• North Country Primitive

NICK JONAH DAVIS: HOUSE OF DRAGONS (2015, LANCASHIRE & SOMERSET)

Review by Brian Werstler. Originally published at North Country Primitive in May 2015


I was already familiar with Nottingham’s Nick Jonah Davis, so the arrival of a new album was enough cause for excitement that I had little choice but to order my copy as soon as it was available. House of Dragons follows on from a series of self-released Bandcamp downloads, compilation appearances and 2011’s acclaimed Of Time and Tides on Tompkins Square. This is Davis’ first release on Lancashire & Somerset, and the LP is neatly packaged, with the label’s customary attention to detail.


First impressions were good - House of Dragons is an album that made me want to pick up the guitar. It’s always a positive sign when the music inspires us to do some playing of our own. Davis effortlessly combines the American Primitive style of Fahey and Basho with the English influences of Jansch, Drake, and Renbourn. This particular blend of influences is a definite plus and one that I would suggest that not enough guitarists are exploring. The album begins with the title track, setting the pace for the next nine songs: tempo changes; an ebb-and-flow quality; double-thumbing bass lines, and such nice melodies. Throughout, Davis is very careful to not drown out the melody with pounding bass.
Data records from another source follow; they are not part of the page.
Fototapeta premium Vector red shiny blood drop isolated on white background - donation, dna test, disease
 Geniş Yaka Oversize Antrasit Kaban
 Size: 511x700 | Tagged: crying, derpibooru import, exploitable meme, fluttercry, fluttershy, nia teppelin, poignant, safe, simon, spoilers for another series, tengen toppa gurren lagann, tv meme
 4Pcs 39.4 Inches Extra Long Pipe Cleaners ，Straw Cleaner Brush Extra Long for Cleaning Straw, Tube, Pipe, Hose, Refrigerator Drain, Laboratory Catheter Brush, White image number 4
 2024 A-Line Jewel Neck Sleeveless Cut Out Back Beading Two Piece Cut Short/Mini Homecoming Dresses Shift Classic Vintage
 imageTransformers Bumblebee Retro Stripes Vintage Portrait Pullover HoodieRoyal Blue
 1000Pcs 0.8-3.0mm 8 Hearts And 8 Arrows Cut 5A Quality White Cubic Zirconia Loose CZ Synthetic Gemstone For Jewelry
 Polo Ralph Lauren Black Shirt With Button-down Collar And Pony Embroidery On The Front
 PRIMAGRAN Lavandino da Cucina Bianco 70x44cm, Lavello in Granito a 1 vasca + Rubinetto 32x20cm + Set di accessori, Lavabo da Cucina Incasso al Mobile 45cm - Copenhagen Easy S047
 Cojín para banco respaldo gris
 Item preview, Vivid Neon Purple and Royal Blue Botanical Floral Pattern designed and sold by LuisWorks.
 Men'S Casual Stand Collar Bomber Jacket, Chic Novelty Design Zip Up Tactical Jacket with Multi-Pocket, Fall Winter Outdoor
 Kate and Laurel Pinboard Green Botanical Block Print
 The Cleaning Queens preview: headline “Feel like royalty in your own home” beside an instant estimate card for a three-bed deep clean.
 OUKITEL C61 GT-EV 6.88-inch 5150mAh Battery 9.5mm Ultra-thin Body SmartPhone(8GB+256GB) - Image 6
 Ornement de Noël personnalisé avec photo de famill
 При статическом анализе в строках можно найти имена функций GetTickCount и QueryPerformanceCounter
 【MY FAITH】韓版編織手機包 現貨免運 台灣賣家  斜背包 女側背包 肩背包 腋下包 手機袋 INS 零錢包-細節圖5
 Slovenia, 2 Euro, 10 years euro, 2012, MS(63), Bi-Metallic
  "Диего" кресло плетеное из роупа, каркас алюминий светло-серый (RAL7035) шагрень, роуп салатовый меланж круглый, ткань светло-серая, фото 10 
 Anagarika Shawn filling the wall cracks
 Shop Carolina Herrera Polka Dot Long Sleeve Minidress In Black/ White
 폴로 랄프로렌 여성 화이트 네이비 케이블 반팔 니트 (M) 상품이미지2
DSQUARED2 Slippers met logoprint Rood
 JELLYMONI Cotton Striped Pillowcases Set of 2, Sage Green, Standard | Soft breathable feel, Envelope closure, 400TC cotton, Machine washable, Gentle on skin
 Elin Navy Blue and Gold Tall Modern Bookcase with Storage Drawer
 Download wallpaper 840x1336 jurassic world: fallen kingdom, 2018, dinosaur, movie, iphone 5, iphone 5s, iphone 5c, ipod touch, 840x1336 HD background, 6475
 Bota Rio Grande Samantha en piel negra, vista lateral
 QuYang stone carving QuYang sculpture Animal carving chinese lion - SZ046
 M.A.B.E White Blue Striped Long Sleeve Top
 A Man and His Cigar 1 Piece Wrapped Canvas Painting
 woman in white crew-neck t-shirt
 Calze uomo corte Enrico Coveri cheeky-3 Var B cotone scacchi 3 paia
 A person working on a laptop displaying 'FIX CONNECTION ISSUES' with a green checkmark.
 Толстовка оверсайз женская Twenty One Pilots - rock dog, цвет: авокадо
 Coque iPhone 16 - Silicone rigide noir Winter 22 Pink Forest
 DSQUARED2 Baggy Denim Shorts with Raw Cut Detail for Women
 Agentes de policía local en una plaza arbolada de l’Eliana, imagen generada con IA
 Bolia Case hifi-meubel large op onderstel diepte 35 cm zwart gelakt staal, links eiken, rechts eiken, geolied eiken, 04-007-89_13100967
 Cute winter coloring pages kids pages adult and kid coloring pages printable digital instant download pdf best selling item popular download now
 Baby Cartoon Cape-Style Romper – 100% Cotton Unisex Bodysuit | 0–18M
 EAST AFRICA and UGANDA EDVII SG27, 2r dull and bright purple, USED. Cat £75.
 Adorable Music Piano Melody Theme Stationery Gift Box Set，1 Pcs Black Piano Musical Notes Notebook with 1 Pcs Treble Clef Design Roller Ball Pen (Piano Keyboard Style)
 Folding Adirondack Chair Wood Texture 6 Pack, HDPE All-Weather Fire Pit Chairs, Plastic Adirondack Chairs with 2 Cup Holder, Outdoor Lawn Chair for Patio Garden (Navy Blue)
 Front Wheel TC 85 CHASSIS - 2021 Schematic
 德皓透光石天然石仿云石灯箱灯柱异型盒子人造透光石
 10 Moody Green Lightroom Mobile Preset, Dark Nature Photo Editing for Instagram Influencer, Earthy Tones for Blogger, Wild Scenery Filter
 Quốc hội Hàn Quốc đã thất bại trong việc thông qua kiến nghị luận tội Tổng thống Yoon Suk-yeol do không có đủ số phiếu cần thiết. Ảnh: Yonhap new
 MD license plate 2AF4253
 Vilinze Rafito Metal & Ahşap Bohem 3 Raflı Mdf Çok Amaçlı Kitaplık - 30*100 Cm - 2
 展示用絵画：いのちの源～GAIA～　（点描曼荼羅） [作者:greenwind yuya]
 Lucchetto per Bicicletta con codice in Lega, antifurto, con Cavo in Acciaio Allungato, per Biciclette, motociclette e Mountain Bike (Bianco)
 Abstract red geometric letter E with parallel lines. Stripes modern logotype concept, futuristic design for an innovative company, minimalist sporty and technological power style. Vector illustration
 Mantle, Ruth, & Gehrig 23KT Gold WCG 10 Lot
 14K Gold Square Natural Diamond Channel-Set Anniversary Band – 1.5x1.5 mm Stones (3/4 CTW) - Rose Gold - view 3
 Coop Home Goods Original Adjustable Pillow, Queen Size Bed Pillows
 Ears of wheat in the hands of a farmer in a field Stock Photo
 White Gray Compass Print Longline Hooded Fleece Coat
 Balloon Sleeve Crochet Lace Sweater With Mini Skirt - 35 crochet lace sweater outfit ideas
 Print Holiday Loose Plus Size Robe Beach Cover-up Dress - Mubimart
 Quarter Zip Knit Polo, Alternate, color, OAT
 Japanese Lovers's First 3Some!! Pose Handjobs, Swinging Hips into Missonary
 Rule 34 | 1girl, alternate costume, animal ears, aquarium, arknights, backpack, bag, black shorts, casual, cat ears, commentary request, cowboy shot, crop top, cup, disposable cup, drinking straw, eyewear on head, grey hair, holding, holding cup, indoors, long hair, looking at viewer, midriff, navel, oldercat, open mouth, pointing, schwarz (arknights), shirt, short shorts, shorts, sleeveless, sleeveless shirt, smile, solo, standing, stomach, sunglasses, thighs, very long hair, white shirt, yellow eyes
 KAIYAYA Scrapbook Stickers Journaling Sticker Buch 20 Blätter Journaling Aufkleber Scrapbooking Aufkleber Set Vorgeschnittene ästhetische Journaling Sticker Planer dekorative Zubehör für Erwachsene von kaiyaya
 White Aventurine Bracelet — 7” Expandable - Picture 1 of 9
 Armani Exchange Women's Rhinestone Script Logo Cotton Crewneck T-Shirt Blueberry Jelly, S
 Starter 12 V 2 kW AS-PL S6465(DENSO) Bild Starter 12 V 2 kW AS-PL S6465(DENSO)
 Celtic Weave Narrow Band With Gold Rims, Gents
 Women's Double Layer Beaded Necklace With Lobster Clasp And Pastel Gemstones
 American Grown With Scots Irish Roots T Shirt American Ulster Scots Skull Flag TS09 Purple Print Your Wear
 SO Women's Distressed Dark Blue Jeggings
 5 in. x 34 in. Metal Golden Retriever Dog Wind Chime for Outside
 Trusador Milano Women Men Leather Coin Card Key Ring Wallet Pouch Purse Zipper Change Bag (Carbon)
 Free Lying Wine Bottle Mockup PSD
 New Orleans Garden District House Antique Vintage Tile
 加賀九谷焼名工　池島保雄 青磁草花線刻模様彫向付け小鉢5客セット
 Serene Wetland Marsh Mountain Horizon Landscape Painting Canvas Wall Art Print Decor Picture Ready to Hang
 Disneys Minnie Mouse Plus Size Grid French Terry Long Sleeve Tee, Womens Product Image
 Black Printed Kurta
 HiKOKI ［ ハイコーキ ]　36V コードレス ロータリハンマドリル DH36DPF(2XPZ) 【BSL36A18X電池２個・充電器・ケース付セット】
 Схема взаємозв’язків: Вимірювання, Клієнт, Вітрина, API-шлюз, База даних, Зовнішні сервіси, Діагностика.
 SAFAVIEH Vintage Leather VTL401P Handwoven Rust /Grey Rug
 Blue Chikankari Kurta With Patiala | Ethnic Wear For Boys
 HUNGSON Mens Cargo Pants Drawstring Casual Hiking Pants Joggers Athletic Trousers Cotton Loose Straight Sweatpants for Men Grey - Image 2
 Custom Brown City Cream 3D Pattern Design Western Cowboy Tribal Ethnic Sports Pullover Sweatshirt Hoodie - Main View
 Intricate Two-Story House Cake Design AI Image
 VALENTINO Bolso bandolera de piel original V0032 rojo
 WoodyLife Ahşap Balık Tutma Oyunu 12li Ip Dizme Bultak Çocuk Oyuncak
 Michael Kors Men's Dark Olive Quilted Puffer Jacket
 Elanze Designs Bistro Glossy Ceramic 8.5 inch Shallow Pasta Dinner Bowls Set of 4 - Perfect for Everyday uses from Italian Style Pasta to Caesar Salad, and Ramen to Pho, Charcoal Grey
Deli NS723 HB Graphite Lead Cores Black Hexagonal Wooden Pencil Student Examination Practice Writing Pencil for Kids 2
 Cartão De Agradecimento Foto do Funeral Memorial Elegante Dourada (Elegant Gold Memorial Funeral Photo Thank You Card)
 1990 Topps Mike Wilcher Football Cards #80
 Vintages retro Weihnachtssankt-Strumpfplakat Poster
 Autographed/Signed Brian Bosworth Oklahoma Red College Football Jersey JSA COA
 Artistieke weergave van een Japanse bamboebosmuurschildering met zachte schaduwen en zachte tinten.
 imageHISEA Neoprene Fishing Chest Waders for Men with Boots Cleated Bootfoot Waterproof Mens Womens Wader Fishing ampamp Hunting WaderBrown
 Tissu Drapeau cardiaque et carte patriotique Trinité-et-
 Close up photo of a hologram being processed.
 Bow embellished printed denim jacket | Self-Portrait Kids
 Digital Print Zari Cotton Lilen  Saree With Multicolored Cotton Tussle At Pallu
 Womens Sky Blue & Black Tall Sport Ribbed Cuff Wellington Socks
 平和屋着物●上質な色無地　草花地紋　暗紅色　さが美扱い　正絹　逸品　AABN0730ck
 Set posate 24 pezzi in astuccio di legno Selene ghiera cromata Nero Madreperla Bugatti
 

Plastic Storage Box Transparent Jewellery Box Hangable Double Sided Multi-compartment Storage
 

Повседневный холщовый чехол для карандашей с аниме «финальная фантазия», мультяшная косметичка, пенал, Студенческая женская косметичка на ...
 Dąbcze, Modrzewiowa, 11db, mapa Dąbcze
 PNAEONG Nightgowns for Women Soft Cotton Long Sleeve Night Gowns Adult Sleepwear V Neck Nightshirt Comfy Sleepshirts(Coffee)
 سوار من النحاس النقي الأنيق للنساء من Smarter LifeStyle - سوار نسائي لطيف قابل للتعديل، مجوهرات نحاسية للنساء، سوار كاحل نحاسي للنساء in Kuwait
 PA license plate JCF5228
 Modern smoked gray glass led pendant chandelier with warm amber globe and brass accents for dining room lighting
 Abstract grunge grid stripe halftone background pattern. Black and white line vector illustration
The fourth track, Double Peace, is a unexpected departure from the norm. The liner notes indicate that Davis attached crocodile clips to two strings, placed a toy zither on the soundboard, and played Weissenborn and zither with a dulcimer hammer. Where other artists tend to work in soundscapes as an alternative sound, Davis sticks to a guitar piece. Double Peace provides a real sense of progression to the album, with string buzzing adding welcome texture.


The next piece, Zanzibar Chai, is a slow and pretty song for Weissenborn slide guitar, with a cymbal in the background helping to set the mood. The atmosphere changes again on When the Fish Fly, which features a noticeably lower tuning (it’s worth noting that a tuning guide is included in the liner notes for those of you who like to play along at home). Where some players can have the unfortunate habit of leaving the bottom end a blurry mess, Davis does an excellent job of controlling the low notes. The LP closer, The Illumination of Nelson Fortune, is another departure, in that it is the only song on the album to feature collaborators - Davis is joined by C Joynes on banjo and balaphon and Karl Townsend on didgeridoo. The track is slow, moody and well paced, leaving this listener wanting more.


This is a quality outing both in terms of composition and performance and stands as one of the best albums I’ve heard recently. The production, by exploratory English guitarist, Cam Deas, is sympathetic and unobtrusive. The two pieces that are a little off the beaten track are standouts, but the song selection and pacing are consistently satisfying throughout. If you enjoyed Nick Jonah Davis’ previous offerings, you will be very pleased with this release, especially as his compositions continue to get stronger.


Davis has delivered another stunning LP of wordless tales. As the vinyl edition is limited to a mere 250 copies, I’d suggest you pick one up immediately. Enjoy!